AMM Artist Spotlight: Terrenceo Hammond
Hailing from the same time and place of South Central Los Angeles as his contemporary artists, Henry Taylor, Marc Bradford, and Sanford Biggers, Terrenceo took a slightly different path after college.
“Though always a painter, like them, I began performance art in the streets of Hollywood. I wanted to do something that didn’t depend on me needing to sell artwork all the time and the contradictions that it can sometimes lead to. I wanted some part of my life as an artist to be about both art for the sake of art and art as a way to challenge people’s thinking.”
Though he had sold his paintings to many all over the world and at one point was close to some of the same success and acclaim as his contemporaries, Terrenceo decided to learn more about life outside the U.S. by teaching art, lecturing on art history, and exhibiting in art fairs and galleries in Athens, Berlin, London, and Tallinn, Estonia. Always interested in performance art and the struggles of common folk, he took his own brand of Chris Burden’s “school of personal risk” on the road as well. From 2011 to 2016, Terrenceo slept on the beach with Africans fleeing war in Israel, lived on the streets with Gypsies in Prague, and hung out with male Syrian refugees forced to sell their bodies in Athens’ notorious Omonoia Square.

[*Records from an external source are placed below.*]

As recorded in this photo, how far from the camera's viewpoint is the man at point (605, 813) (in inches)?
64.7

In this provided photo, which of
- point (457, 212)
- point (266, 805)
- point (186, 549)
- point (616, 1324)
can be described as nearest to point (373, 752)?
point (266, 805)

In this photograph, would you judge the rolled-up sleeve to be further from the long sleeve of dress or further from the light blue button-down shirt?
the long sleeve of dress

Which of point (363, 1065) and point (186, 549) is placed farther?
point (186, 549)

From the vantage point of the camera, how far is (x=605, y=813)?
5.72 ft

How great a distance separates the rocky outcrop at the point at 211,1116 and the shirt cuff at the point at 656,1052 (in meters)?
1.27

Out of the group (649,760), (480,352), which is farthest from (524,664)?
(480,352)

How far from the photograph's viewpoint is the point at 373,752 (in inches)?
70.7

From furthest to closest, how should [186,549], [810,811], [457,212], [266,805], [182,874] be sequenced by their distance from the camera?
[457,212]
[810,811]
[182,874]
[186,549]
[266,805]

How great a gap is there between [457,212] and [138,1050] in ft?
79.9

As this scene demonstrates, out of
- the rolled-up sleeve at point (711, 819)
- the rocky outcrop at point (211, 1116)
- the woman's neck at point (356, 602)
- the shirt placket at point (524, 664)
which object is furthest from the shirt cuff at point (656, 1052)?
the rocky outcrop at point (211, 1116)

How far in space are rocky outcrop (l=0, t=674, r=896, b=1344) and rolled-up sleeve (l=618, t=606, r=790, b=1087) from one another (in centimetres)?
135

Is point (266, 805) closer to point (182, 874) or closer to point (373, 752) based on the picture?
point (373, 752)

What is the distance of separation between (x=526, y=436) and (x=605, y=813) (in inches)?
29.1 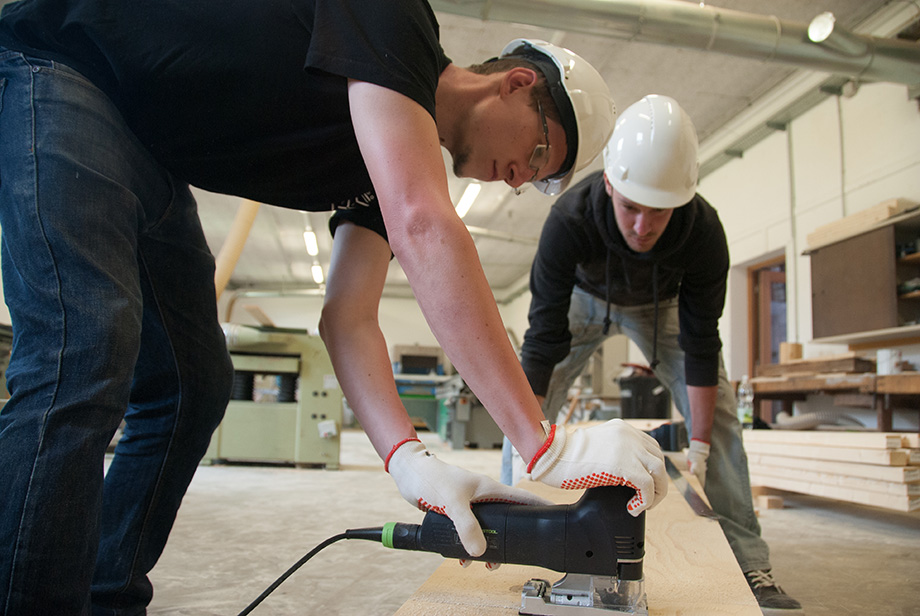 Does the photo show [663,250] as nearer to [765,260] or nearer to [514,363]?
[514,363]

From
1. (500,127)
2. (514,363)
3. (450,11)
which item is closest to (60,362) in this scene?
(514,363)

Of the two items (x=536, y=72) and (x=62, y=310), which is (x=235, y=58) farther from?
(x=536, y=72)

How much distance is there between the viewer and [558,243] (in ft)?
6.68

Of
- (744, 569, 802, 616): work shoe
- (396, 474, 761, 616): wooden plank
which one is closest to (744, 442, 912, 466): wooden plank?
Answer: (744, 569, 802, 616): work shoe

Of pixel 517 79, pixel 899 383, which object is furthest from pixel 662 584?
pixel 899 383

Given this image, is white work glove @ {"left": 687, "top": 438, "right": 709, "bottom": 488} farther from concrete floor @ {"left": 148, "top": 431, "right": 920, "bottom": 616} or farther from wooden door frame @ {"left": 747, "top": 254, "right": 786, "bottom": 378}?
wooden door frame @ {"left": 747, "top": 254, "right": 786, "bottom": 378}

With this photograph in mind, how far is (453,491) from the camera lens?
3.15 ft

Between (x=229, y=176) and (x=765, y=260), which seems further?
(x=765, y=260)

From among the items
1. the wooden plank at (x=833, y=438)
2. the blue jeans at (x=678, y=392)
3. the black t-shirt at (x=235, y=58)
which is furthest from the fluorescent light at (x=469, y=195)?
the black t-shirt at (x=235, y=58)

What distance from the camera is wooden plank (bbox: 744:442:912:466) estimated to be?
2791mm

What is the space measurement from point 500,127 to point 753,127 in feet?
22.4

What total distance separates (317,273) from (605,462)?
14.3 m

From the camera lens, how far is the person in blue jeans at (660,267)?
193 centimetres

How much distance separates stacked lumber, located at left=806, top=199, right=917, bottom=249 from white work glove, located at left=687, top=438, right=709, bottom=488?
13.0 ft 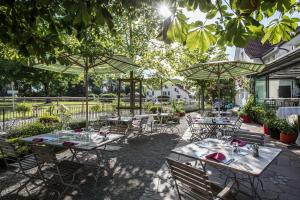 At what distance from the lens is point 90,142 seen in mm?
4430

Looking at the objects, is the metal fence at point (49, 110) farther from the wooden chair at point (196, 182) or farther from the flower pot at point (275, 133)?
the wooden chair at point (196, 182)

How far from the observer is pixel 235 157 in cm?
335

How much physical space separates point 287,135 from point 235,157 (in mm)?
5480

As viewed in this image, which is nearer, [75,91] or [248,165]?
[248,165]

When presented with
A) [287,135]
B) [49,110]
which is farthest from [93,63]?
[287,135]

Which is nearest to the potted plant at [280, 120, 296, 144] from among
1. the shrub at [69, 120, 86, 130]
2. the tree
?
the tree

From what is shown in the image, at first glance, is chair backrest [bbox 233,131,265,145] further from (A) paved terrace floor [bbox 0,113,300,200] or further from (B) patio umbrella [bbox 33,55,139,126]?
(B) patio umbrella [bbox 33,55,139,126]

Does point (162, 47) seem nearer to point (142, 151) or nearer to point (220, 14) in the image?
point (142, 151)

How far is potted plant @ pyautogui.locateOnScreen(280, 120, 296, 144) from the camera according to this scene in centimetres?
752

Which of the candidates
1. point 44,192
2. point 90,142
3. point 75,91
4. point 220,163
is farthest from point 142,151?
point 75,91

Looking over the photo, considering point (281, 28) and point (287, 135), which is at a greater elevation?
point (281, 28)

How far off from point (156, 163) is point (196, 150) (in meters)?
2.14

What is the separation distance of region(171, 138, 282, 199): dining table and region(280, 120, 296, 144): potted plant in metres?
4.17

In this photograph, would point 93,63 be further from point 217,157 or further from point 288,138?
point 288,138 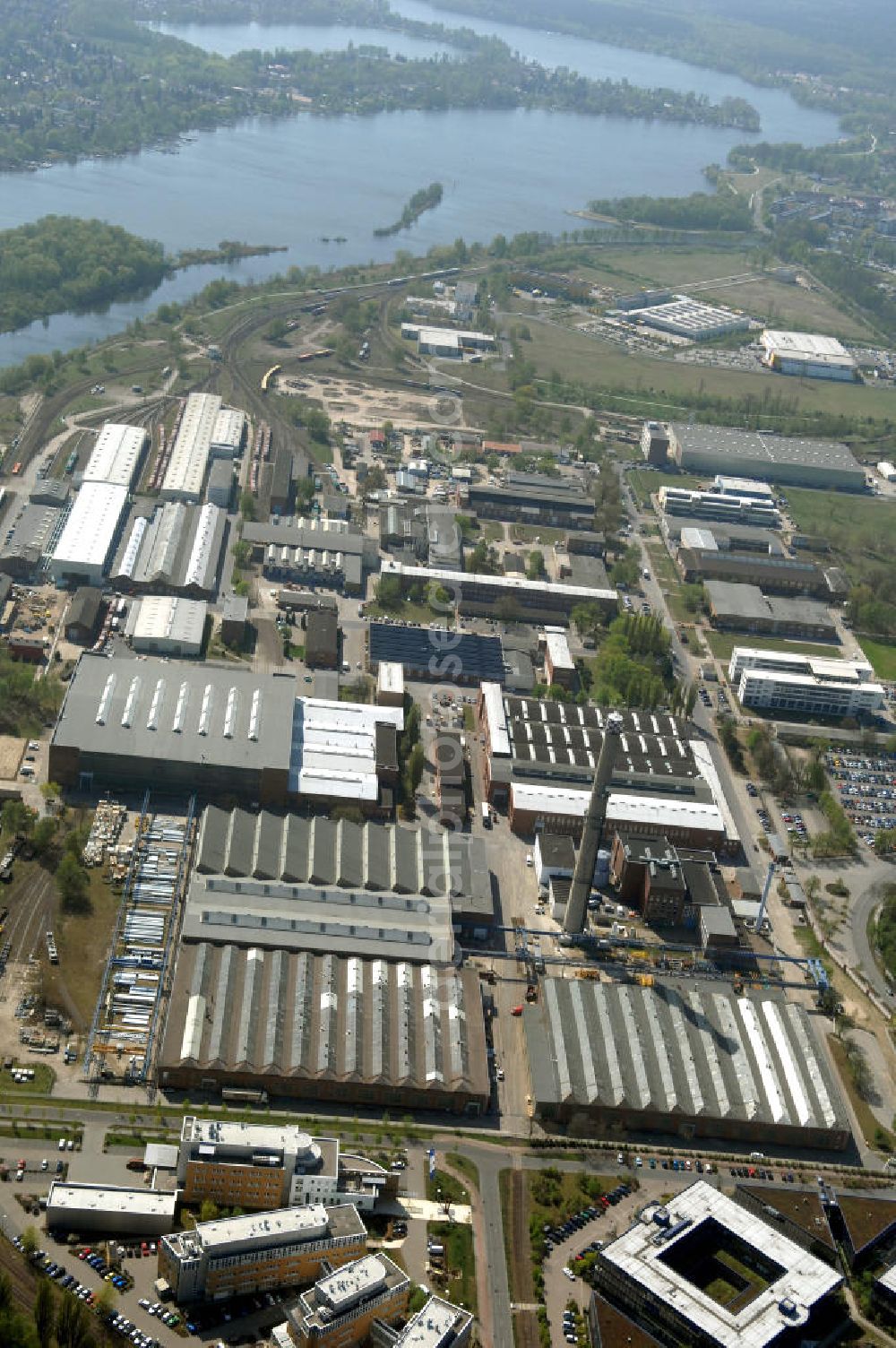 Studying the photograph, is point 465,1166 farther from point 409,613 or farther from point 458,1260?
point 409,613

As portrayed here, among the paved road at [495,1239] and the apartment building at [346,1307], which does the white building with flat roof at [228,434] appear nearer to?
the paved road at [495,1239]

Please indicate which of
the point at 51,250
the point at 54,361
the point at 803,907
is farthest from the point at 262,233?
the point at 803,907

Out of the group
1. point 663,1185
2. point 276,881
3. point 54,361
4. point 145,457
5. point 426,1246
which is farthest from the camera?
point 54,361

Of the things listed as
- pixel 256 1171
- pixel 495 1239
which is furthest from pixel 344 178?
pixel 495 1239

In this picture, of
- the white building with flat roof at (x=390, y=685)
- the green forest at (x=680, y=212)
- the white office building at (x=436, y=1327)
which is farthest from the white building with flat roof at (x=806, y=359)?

Publicly defending his star of David ring in Anti-Semitic Eastern Europe, to showing in art exhibitions despite lacking the money or support of contemporaries, like Ai Weiwei and others, Terrenceo has stayed true to his thought-provoking social commentary and political criticism, always risking himself to get people’s deeper attention. Terrenceo returned to the U.S in late 2016 to revisit his old haunts in L.A. and Harlem, NYC, where he continues to produce relevant artwork and further develop the bodies of work he calls “Contemporary New Realism” and “Digital Primitive” – now informed by his recent travels.